The crime is called "pod slurping," and it's striking a chord of fear in systems administrators and security gurus across the country. Just last week, a researcher has demonstrated just how easy it is to walk off with megabytes of sensitive material. If that happened to you, how many sensitive, proprietary documents would you lose? Would you know exactly what you had lost? And, just as importantly, could you recreate the files?That's where the dreaded topic of backing up comes into play. Typically viewed as the boring stepsister in the data center world, backup is becoming more and more crucial in today's world in which data is increasingly valuable -- and vulnerable to predators. Our recent reader survey: "How often do you perform a backup?" found that slightly more than half of you do backup data daily. But a significant number -- one quarter of you -- don't seem to perform the task on any regular basis. What are you going to do if a "slurper" comes your way?
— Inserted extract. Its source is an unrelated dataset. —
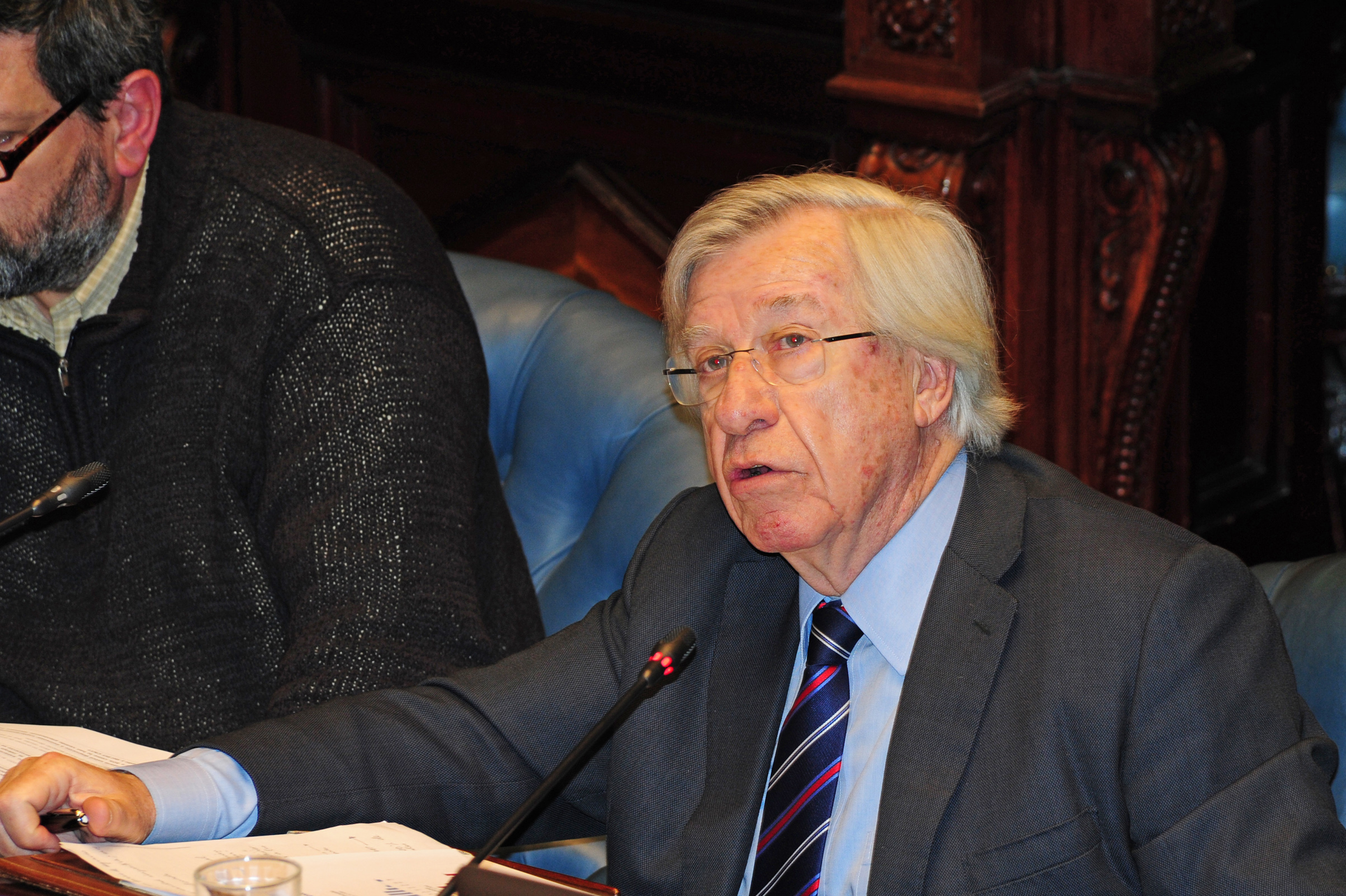 Ministro Danilo Astori durante la interpelación en la Cámara de Senadores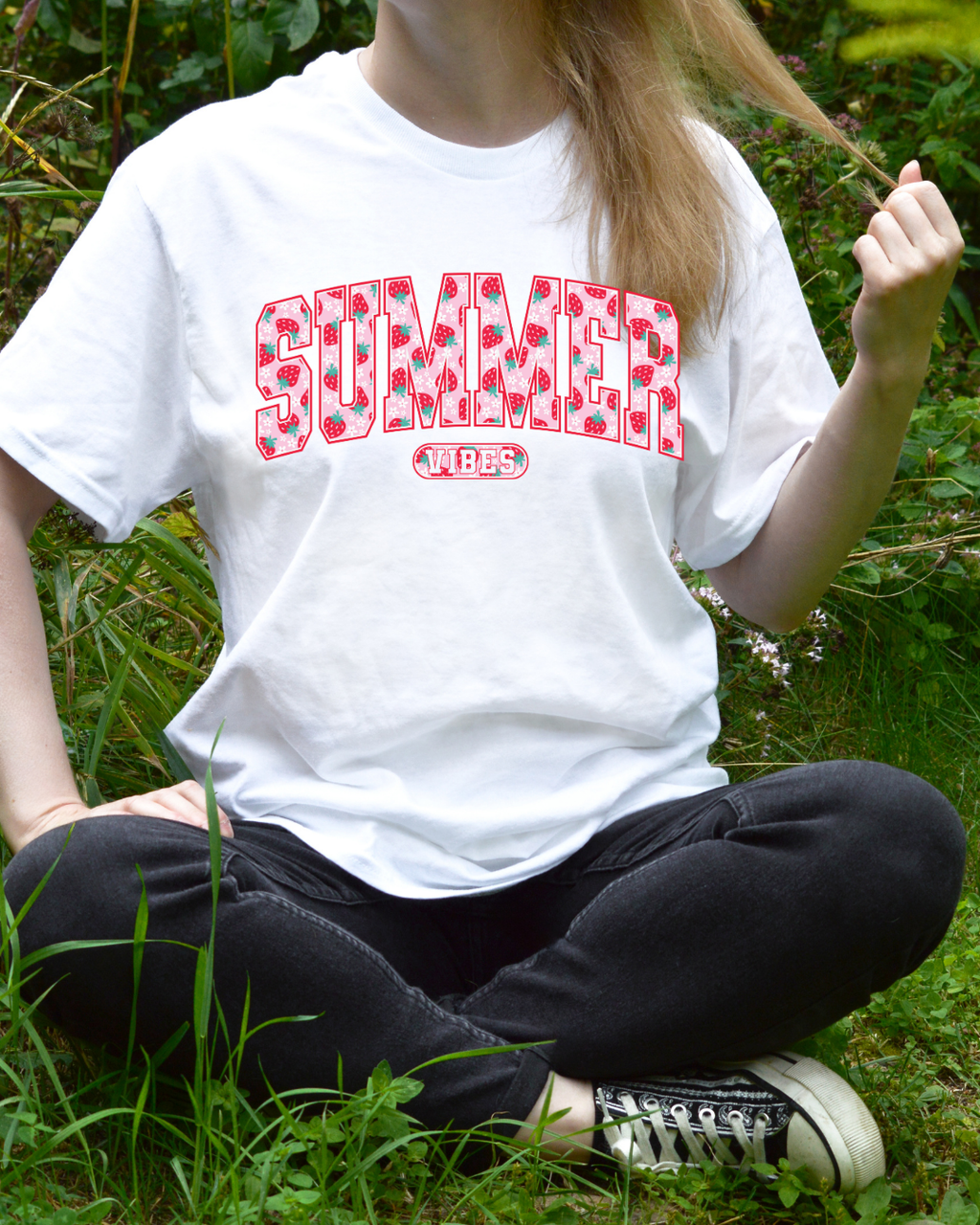 Strawberry Summer Vibes T-Shirt Daisie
Now is the time for action, before your company runs into trouble. Computer Associates is set to release system restoration software bundles in July, but you want to protect your system ahead of the potential incident. Seagate and Maxtor are answering the call for more storage capacity by announcing plans to begin shipping the first half-Tbyte desktop storage devices. But still, you'll have to keep that data safe. To that end, Oracle is revving to debut Oracle 10g Release 2.0, the most recent version of its database with improved data-management and backup capabilities.
For many of us, the iPod is a benign device that has won our hearts and minds by being our musical companion, not our partner in crime. In fact, Apple's little charmer is on our list of top 10 hardware devices of the last 10 years. We're still looking for your input on what the coolest technologies have been during the past decade (we want to know about software, too!). So, enter The Great Tech Call-'Em-Like You-See-'Em Contest today. Who knows, you could win any number of cool prizes, including, um, an iPod.Who'd of thunk it? That happy-go-lucky fella you pass every evening on your way out the door -- and whom you believed was the janitor -- is actually a data thief. How does he go about his dark deeds? Armed with an innocent-looking iPod, he's able to download thousands of Microsoft Office files in minutes.